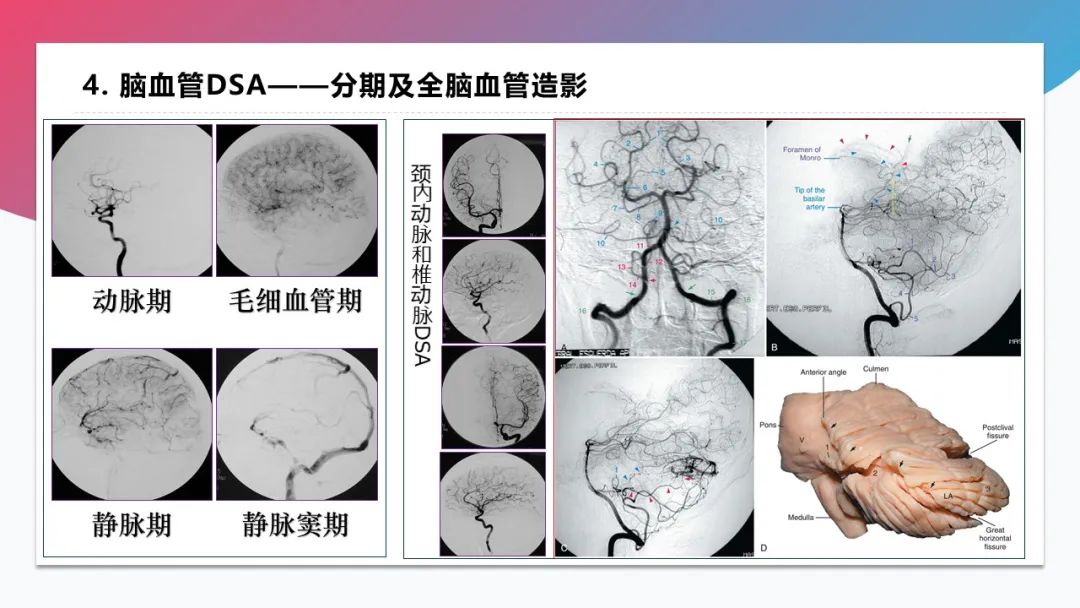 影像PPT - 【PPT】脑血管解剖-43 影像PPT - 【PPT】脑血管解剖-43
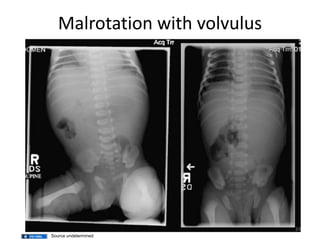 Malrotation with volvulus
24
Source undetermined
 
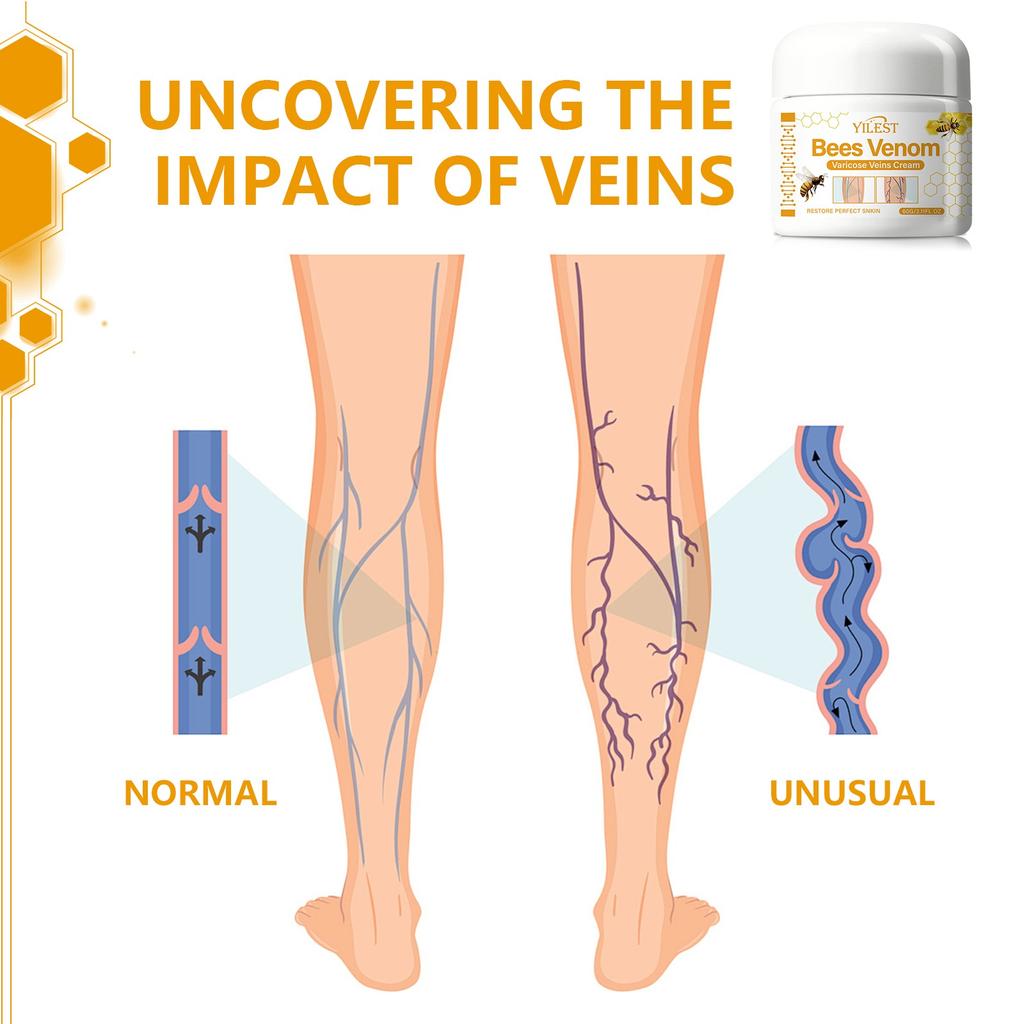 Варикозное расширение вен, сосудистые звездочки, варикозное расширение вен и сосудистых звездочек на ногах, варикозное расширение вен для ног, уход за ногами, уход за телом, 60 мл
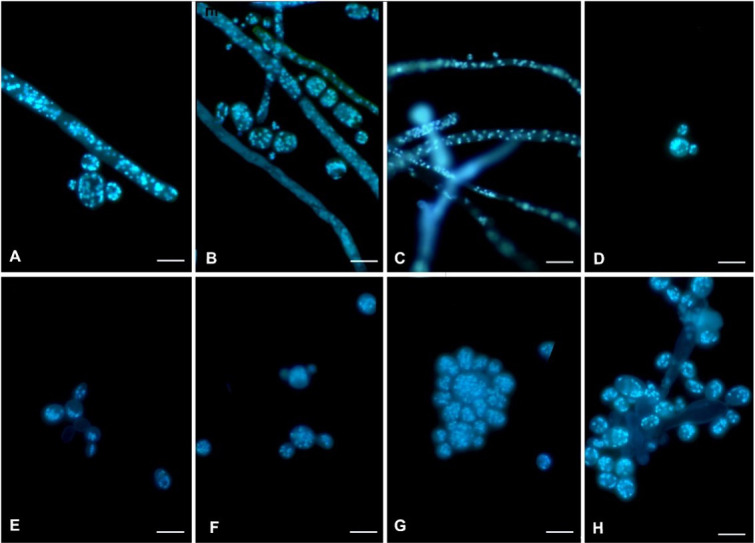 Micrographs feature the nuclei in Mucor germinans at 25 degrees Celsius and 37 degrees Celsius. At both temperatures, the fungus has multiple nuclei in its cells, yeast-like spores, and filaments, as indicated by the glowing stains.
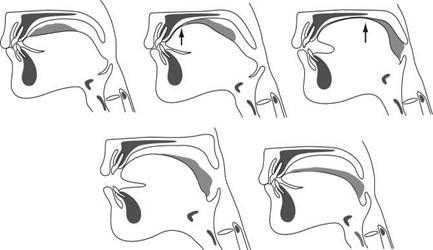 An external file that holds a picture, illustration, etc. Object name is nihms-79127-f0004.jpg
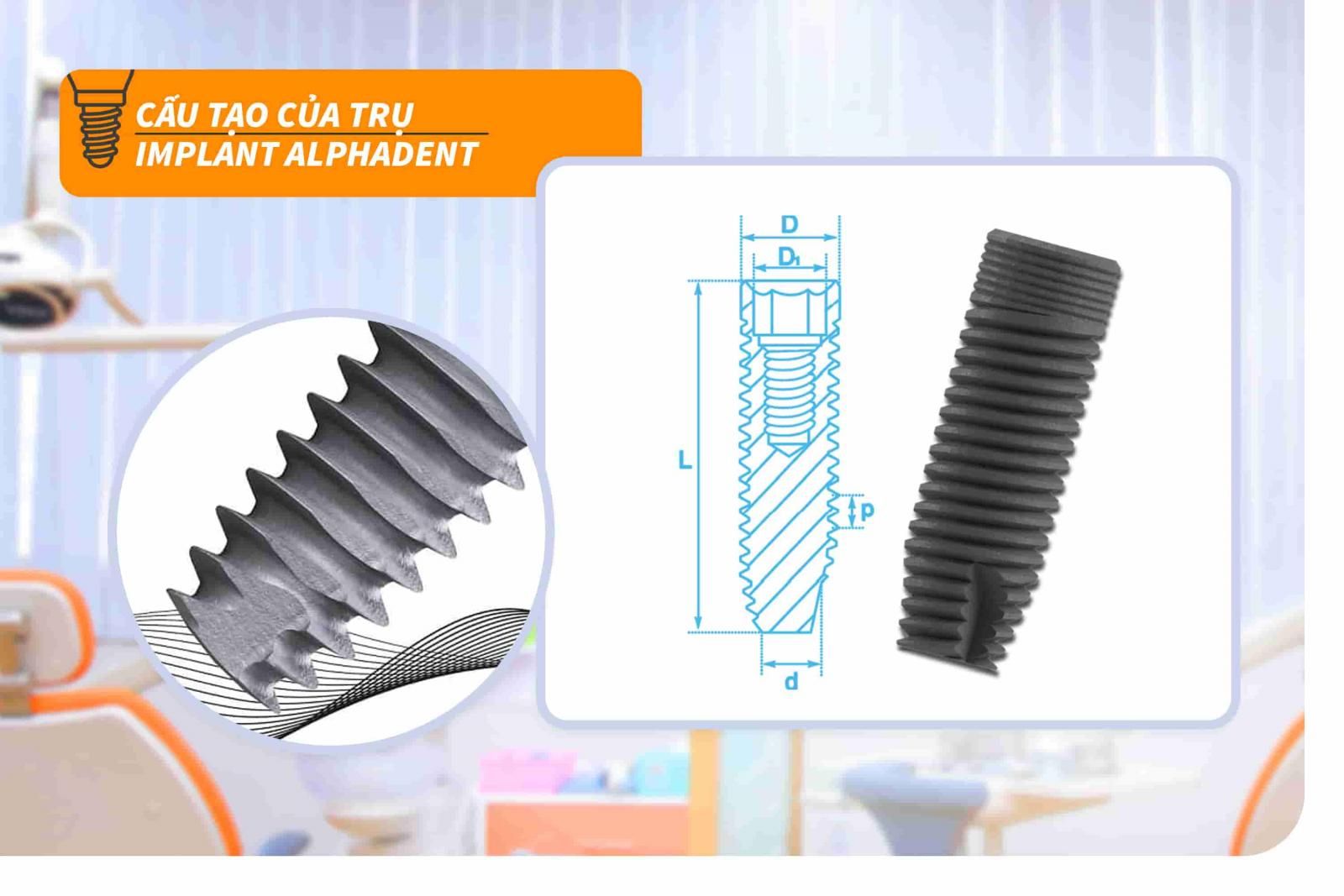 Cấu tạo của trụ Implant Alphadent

#####

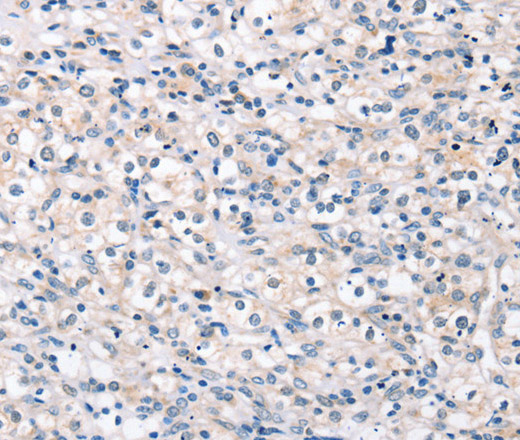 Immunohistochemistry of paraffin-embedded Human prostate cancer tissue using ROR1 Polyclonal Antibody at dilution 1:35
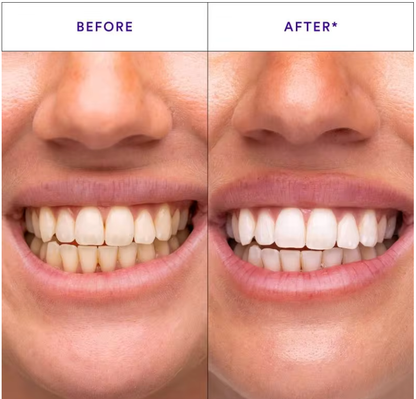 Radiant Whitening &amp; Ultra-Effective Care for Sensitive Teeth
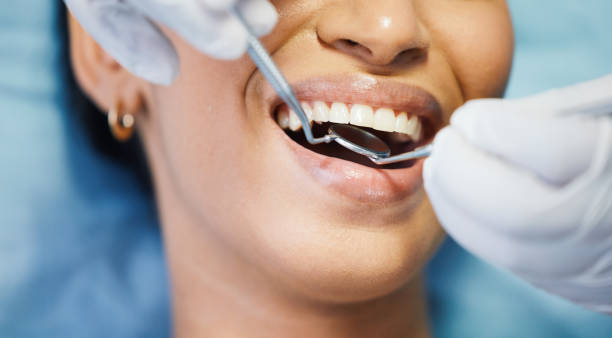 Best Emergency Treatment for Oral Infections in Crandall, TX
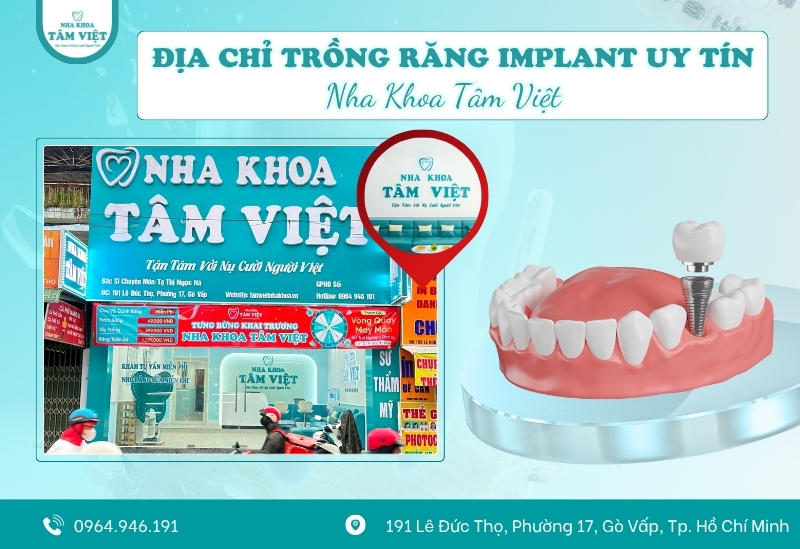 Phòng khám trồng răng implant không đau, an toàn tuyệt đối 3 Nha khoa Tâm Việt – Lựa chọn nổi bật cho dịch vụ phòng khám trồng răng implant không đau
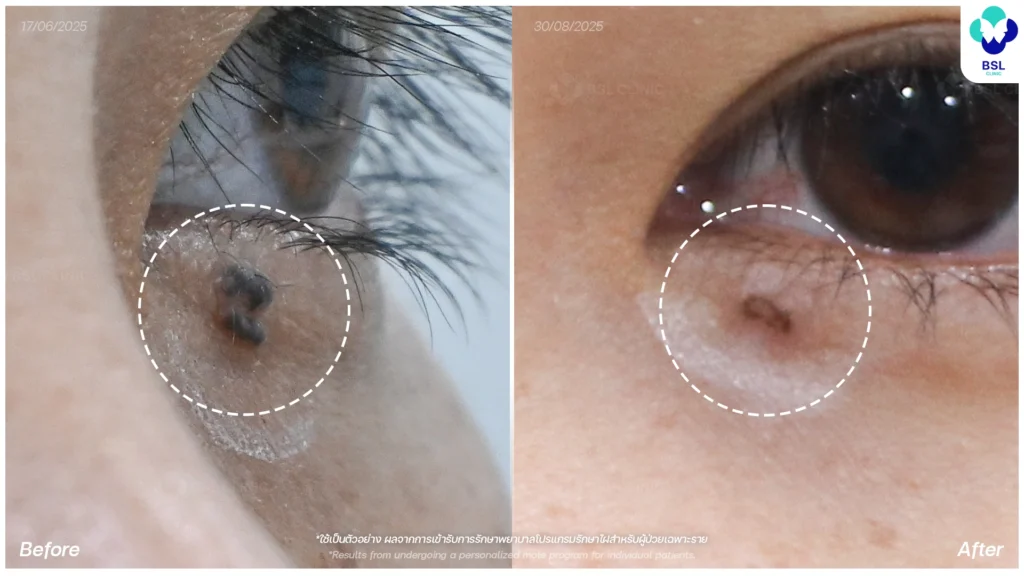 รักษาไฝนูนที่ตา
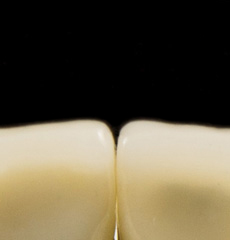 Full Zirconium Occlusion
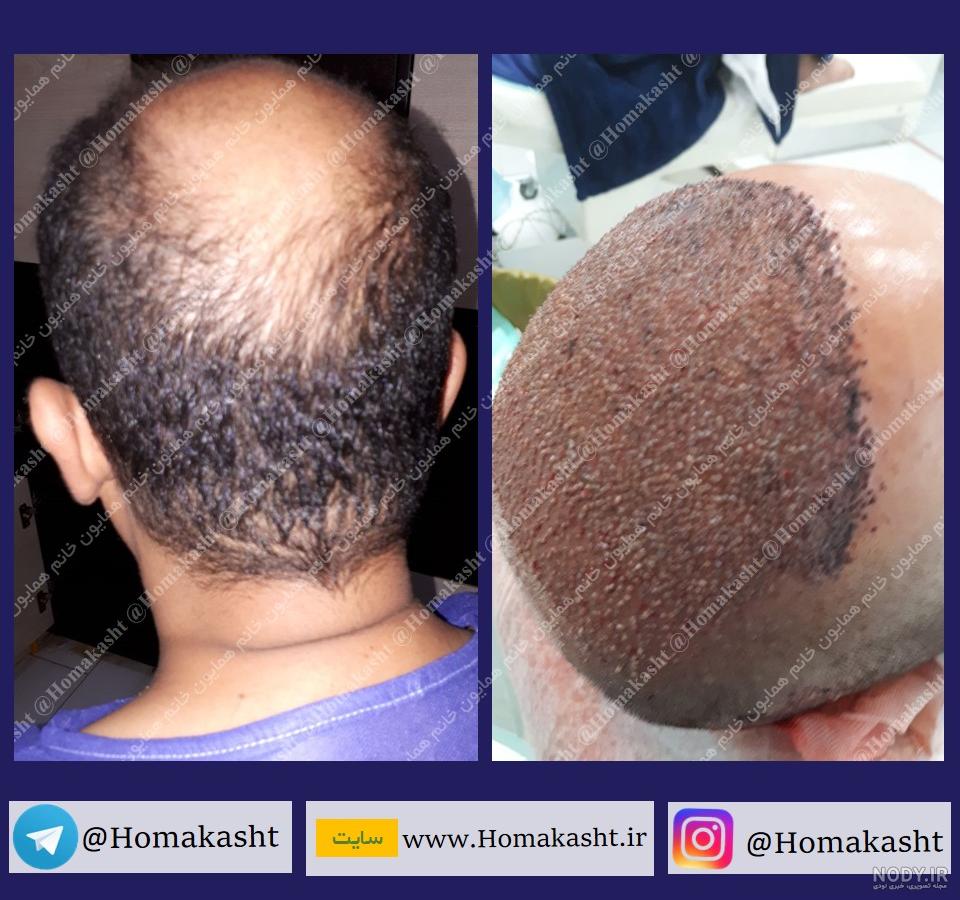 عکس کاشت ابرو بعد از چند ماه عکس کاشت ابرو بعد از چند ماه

#####

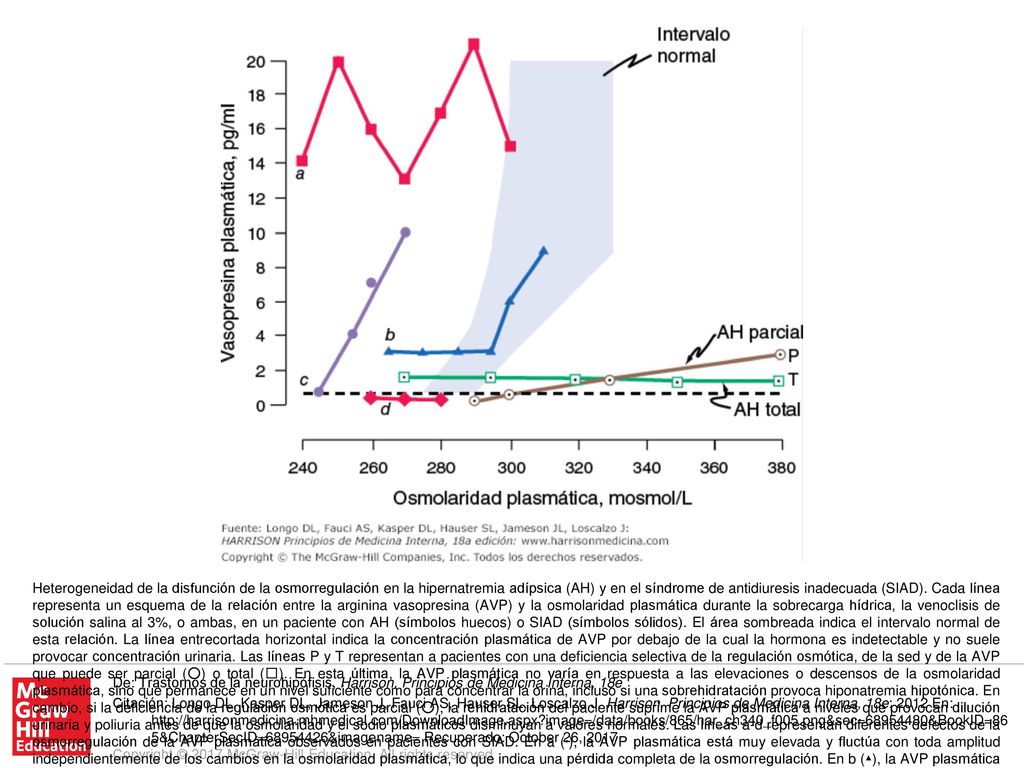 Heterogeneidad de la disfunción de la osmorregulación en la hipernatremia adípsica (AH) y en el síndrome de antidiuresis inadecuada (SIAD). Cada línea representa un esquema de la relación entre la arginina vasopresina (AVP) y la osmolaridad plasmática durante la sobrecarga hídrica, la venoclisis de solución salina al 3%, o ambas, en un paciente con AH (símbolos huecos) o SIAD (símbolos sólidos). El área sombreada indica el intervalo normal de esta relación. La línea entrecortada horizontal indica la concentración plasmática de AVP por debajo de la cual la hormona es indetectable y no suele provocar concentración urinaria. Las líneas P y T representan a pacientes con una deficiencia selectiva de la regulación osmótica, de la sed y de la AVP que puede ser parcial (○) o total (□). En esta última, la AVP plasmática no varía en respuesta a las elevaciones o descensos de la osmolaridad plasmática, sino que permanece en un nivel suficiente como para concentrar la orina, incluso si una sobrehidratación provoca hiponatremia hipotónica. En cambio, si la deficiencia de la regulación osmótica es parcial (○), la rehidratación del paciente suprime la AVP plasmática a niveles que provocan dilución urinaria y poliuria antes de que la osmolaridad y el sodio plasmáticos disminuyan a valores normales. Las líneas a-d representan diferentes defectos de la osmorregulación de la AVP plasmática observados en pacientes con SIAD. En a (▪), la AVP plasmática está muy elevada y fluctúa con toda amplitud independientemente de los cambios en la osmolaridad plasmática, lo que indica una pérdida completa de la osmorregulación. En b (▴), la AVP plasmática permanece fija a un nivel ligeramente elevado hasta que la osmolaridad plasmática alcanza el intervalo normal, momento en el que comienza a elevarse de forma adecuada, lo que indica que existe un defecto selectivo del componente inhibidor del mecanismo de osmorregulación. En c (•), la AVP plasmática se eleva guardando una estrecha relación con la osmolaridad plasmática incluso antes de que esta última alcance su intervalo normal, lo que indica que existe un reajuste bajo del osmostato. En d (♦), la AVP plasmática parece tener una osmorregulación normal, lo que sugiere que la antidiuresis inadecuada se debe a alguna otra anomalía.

#####

> EXERCISE: Copy only the lines above from the one containing "Micrographs feature the" through the one containing "Cấu tạo của trụ Implant Alphadent", both included. Leave out the pictures.

> RESULT OF THE EXERCISE:
 Micrographs feature the nuclei in Mucor germinans at 25 degrees Celsius and 37 degrees Celsius. At both temperatures, the fungus has multiple nuclei in its cells, yeast-like spores, and filaments, as indicated by the glowing stains.
 An external file that holds a picture, illustration, etc. Object name is nihms-79127-f0004.jpg
 Cấu tạo của trụ Implant Alphadent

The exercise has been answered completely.